PROBLEM TO SOLVE
Report each line of the material below where the word "Cotton" can be found.

PROVIDED MATERIAL
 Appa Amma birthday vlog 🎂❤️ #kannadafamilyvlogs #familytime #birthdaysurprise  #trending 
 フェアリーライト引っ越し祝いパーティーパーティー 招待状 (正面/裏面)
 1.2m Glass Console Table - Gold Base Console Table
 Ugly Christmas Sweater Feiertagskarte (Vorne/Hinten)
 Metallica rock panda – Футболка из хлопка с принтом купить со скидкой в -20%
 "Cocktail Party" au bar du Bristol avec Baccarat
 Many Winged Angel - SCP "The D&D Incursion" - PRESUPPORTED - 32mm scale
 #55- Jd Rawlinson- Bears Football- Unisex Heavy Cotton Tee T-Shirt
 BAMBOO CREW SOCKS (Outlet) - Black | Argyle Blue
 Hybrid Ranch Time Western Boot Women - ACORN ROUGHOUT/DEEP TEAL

--

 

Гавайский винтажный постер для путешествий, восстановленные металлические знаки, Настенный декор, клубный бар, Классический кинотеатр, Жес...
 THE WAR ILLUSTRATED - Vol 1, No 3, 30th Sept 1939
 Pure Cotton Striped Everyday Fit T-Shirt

WRITTEN SOLUTION
 #55- Jd Rawlinson- Bears Football- Unisex Heavy Cotton Tee T-Shirt
 Pure Cotton Striped Everyday Fit T-Shirt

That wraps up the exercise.